Bridging a doorway is pretty easy, the bridge itself is just cosmetic not structural Use whatever bridging you like You could make a lift out, hinged lift, or swing "bridge", depends on how many times it needs to be opened, how much room you have, and who will be opening it. Let me know when you get to that point in the planning, and I'll help you with the mechanical part, alignment, electrical etc.


----------



## repman66 (Mar 10, 2021)

My bench is at 38 inches-I have three inches of foam to lay. The lowest part of the valley will be at 41 inches. Most of the town will be from 43-55 inches.
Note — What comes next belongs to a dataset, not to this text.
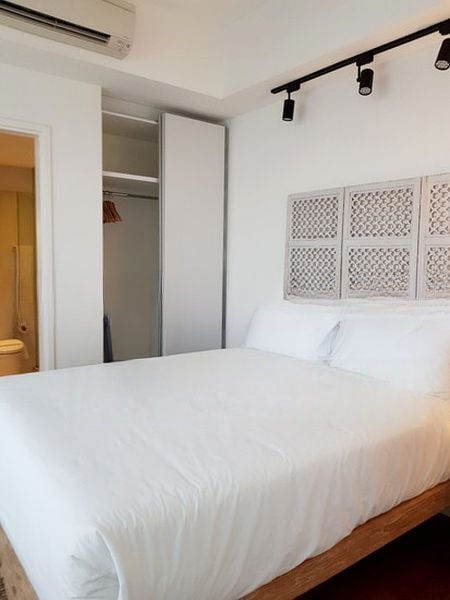 LOTUS AT PAYA LEBAR (EAST WING) 6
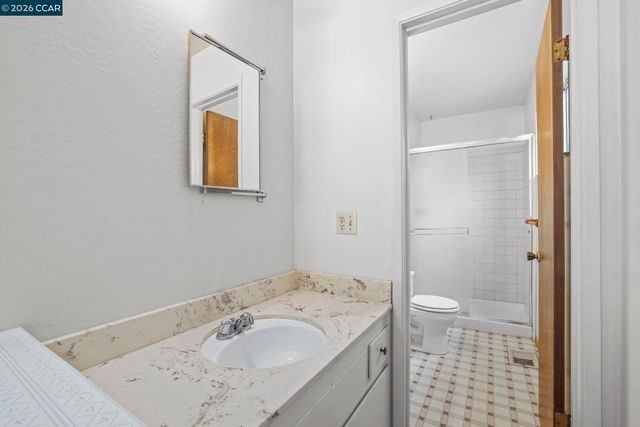 5218 Camino Alta Mira, Castro Valley, CA 94546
My main lines on the edges will be running at a height of 50 inches roughly


----------



## repman66 (Mar 10, 2021)

scenicsRme said:


> Bridging a doorway is pretty easy, the bridge itself is just cosmetic not structural Use whatever bridging you like You could make a lift out, hinged lift, or swing "bridge", depends on how many times it needs to be opened, how much room you have, and who will be opening it. Let me know when you get to that point in the planning, and I'll help you with the mechanical part, alignment, electrical etc.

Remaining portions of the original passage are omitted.